I am a Badger user and highly recommend Badgers.  Especially for somebody in this area with Badger located in Franklin Park.  If you ever have an issue take it to the factory and they will most likely fix it while you wait.  That said the only repairs I have ever needed were caused by "students".

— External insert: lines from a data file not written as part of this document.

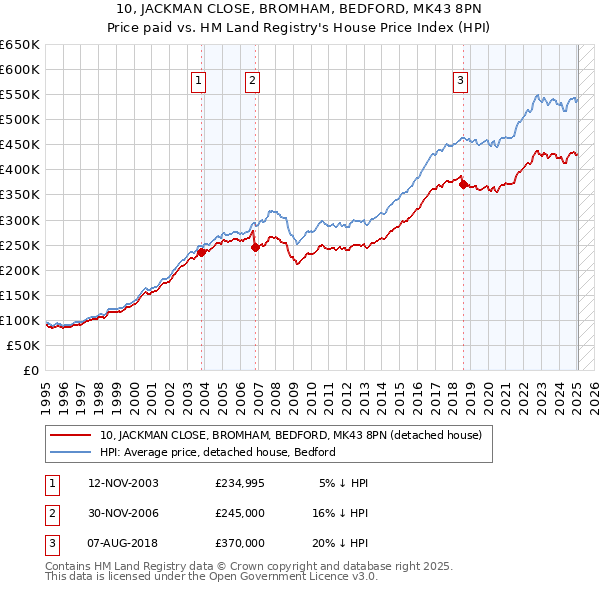 10, JACKMAN CLOSE, BROMHAM, BEDFORD, MK43 8PN: Price paid vs HM Land Registry's House Price Index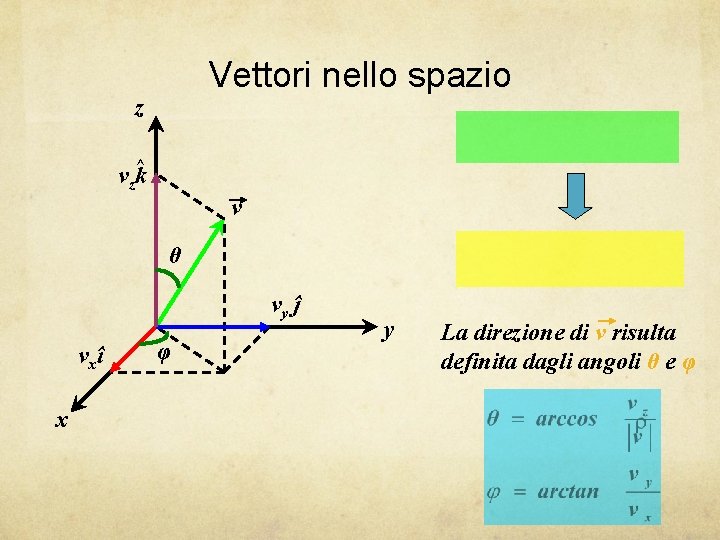 Vettori nello spazio z ^ v zk v θ vy ĵ vxî x φ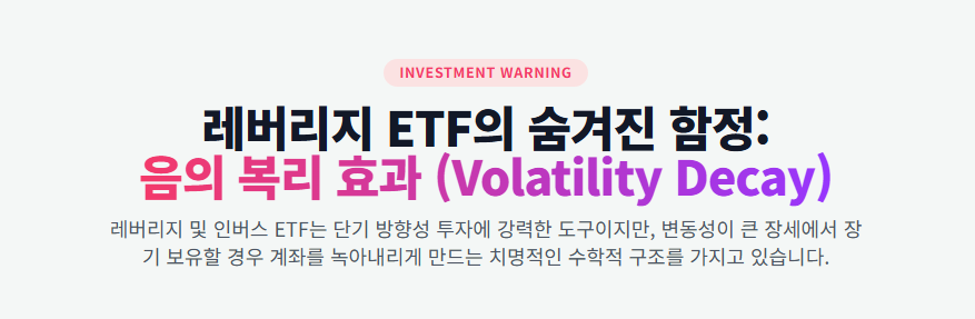 ETF의 음과 양의 복리효과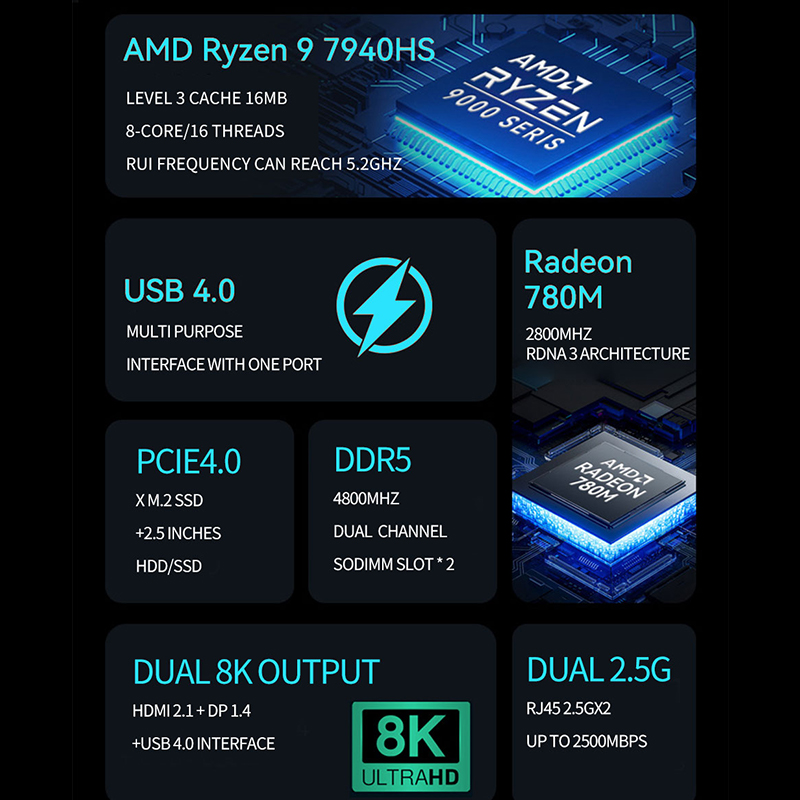 AMD Ryzen Mini PC R7 7840HS R9 - Amd Ryzen 7 7840Hs Mini Pc reseña y precio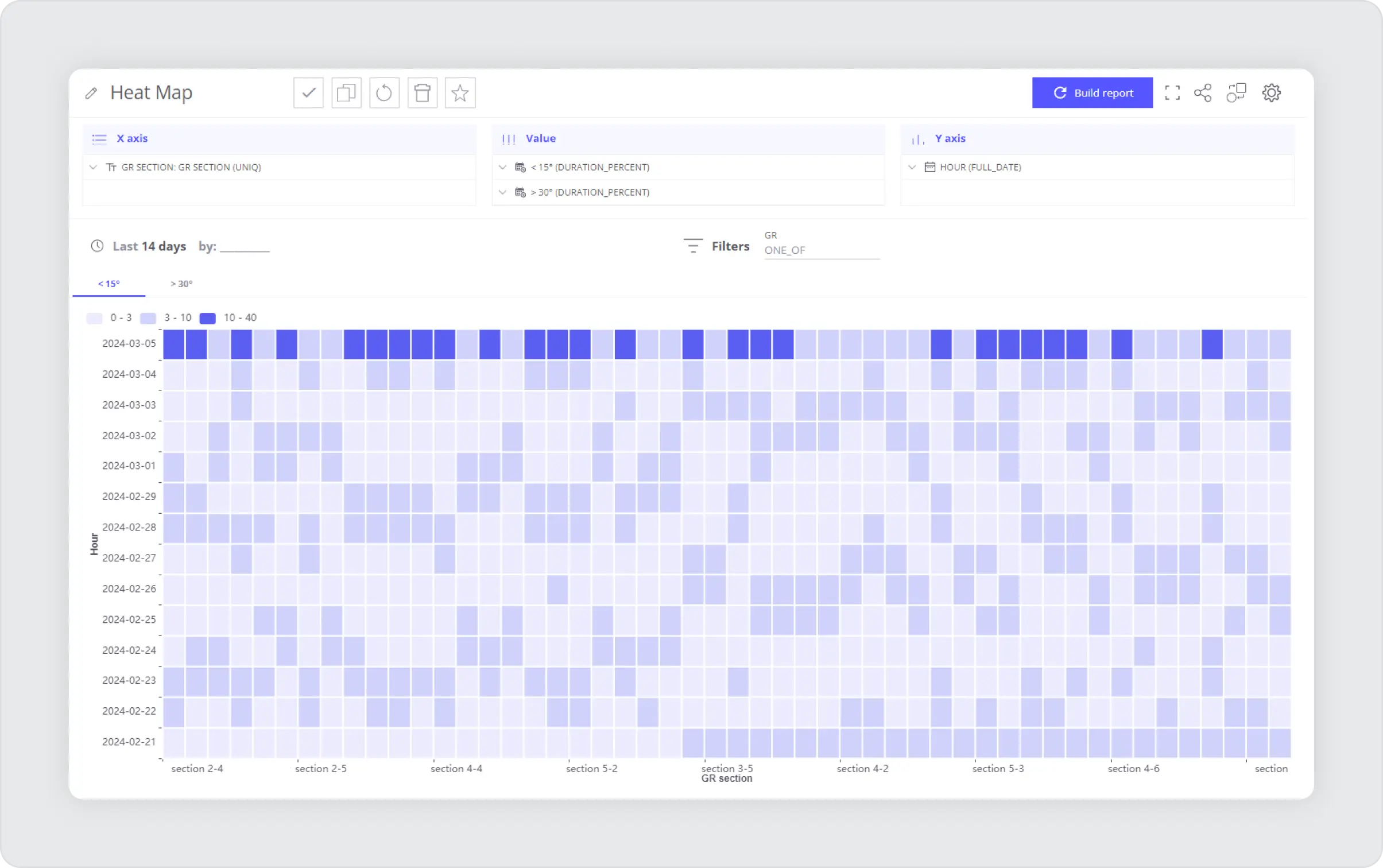 Grid with solar farm statistics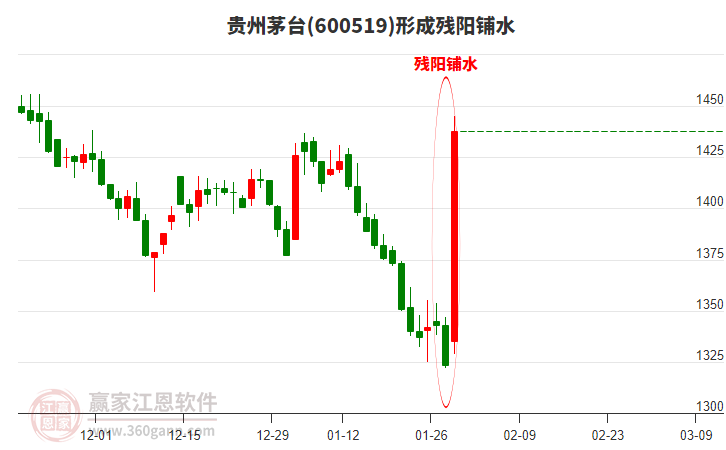 貴州茅臺(tái)600519形成殘陽(yáng)鋪水形態(tài) 貴州茅臺(tái)600519形成殘陽(yáng)鋪水形態(tài)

Any compressor will work.  If you have need of a compressor for other things in addition to airbrushing small quiet units are available from Home Depot, Menards, auto parts stores for less or the same as a small airbrush compressor and they can inflate tires, etc. while the small AB compressor can't.

As to the brush - what do you plan to paint?  How often?  How big or small?  Answers on what brush to get depend on what you plan to do with the brush.  Single actions are easier to use and if you don't do a lot are maybe a better choice than a dual action brush.   Lot's of choices.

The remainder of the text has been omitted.